The pastoral settings of Kokkerebellur, away from the urban cacophony, offers a vast expanse of water dotted with trees, and draped with birds. Capture the view of feathered immigrants flocked here every winter.
As you veer off from the Bengaluru-Mysuru highway and drive on pitted track, vast stretches of verdurous fields of paddy, sugarcane and maize fringed with clusters of coconut trees welcome you. A lot of activity takes place here along streams and waterways which are sprinkled with water lilies. A bunch of wading birds gracefully weave their way between the plants, hiding now behind tall blades of grass, and magically bobbing their heads up a few seconds later.
Instead, I hear the familiar rhapsody of the morning rituals – the swish of brooms in courtyards, scraping against the gravel and crackling against heaps of dried leaves, of hissing stoves brewing the morning gruel. I observe womenfolk leisurely create beautiful motifs with coarse rice flour outside their little huts and homes. Cows and buffaloes lazily amble across the muddy streets, swatting their tails to shoo away flies. I am suddenly overwhelmed by doubts. Have we mistakenly driven out to some place called Kokkerebellur which is not the Kokkerebellur Bird Sanctuary we meant to visit? Even as I stand, lost in the middle of a junction of muddy roads, and muse over what seems to be a meaningless sojourn, a wild goose chase, a kindly villager approaches us. He senses we are lost and makes the right guess. “Ah, it is the kokkare you’ve come to see!” He is forthright. He barely waits for our reply and observing the sudden glint in our eyes, launches into a very informative monologue on the birds that don’t ever fail to appear in his village, and with whom its people enjoy a special bond.
Well then, we are at the right Kokkarebellur! Except that it is not a sanctuary – neither natural, nor man-made! Nevertheless it is a haven for these plumaged creatures that fly in from far away shores for breeding, nesting and birthing.
The village and the birds
Kokkarebellur is a small hamlet in Maddur taluk of Mandya District, a deviation on the Bangalore-Mysore highway. Named for the painted storks kokkare in the Kannada language that inhabit this village, Kokkarebellur is a well-sought after destination for bird lovers.
According to the local history, the storks would flock to the banks of the Sulekere Lake. With the passage of time when a village sprung up in the neighbourhood, its inhabitants who were enchanted by the birds, forged a harmonious bond with them.

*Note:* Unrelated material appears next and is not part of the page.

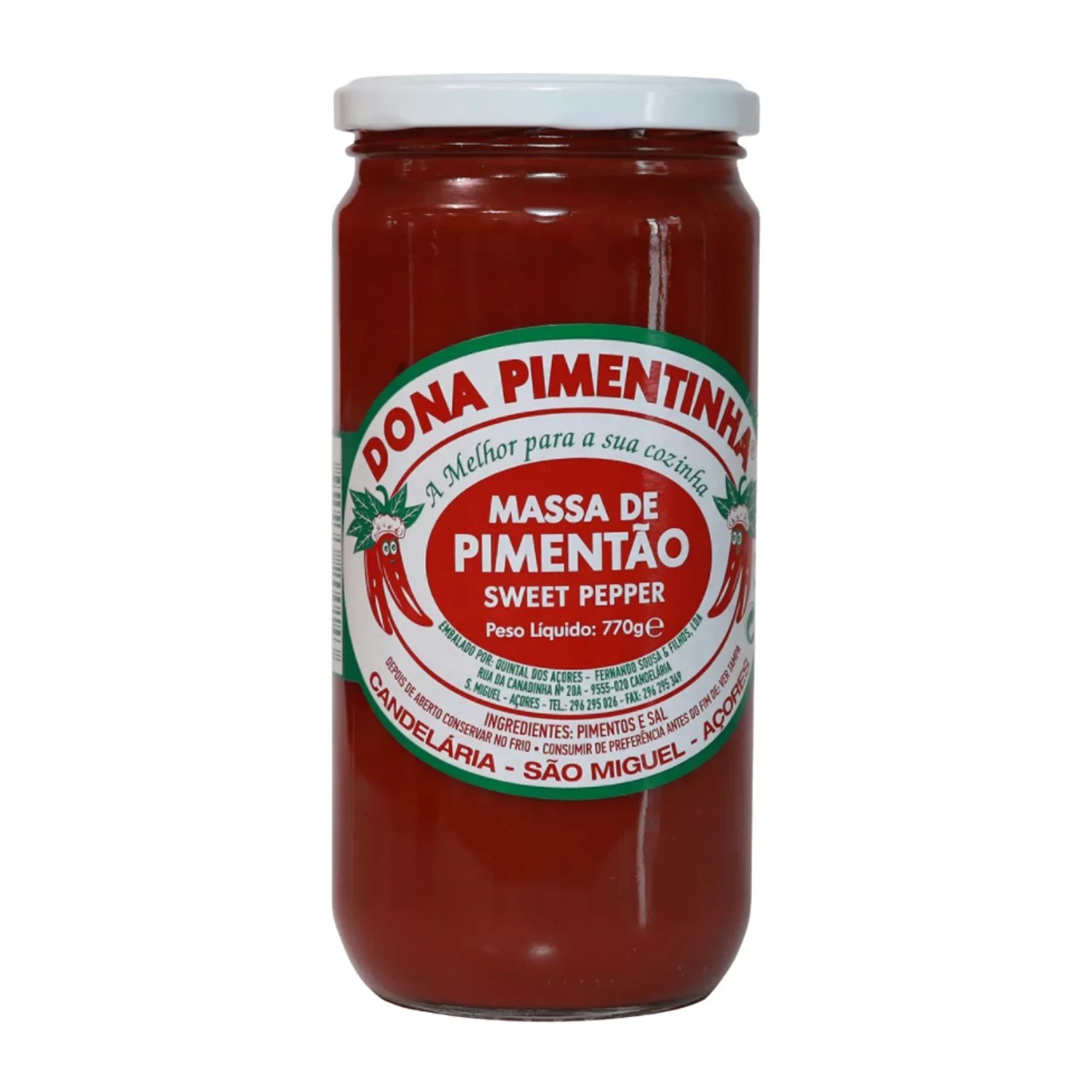 pimento Dona Pimentinha Sweet Pepper Paste, 27.2 oz | Central Market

For centuries now, the painted stork and spot-billed pelicans, both near-threatened avian species, descend upon this nondescript village and have made it their nesting site.
These magnificent denizens of the sky are there today, but not in hordes as we’ve heard. They are there in solitude, in pairs, in small groups – dotting water bodies, trees, especially tamarind trees, and the grassy verdure abounding in the village. Kokkerebellur and its folks, it is apparent, enjoy a long-established camaraderie with the spot-billed pelican which they have adopted as their heritage bird. The village is one of twenty one breeding sites in India for these birds. The villagers look upon them as harbingers of good luck and fortune. They use the bird’s potassium- and phosphorus-rich droppings, to fertilise their soil. The women of the village, in particular, dote upon these birds. For them it is like a daughter coming home for delivery!
Interestingly, we notice different kinds of birds swoop down on the same trees. They seem to dwell in as much harmony with each other as they do with their human hosts in Kokkerebellur. The villagers informed that several species inhabit the same set of trees, share an amiable relationship with each other. They also lay eggs, hatch and rear their offspring on the same tree without feeling threatened.
A magical drama unfolds high up on the sky as the plumaged creatures noisily flap their wings as they dive, soar, swoop and indulge in a gamut of acrobatics in gay abandon. While the cormorants dip their beaks into the water for fish, another avian species wheels in circles through the sky. The kingfishers and green bee-eater birds dart from one electric line to another as if engaged in some kind of a cat and mouse chase.
We learnt that a passage of the Shimsa River that skirts the village allures the birds with its plentiful fish. Though the migrants which begin to fly in from November, continue to inhabit the place till May, the best time to catch plenty of them, is early February through to March when the painted storks create life and celebrate nature as they descend upon the village for their annual nesting.
Best time to visit: Jan to March is the peak time when one can see plenty of birds.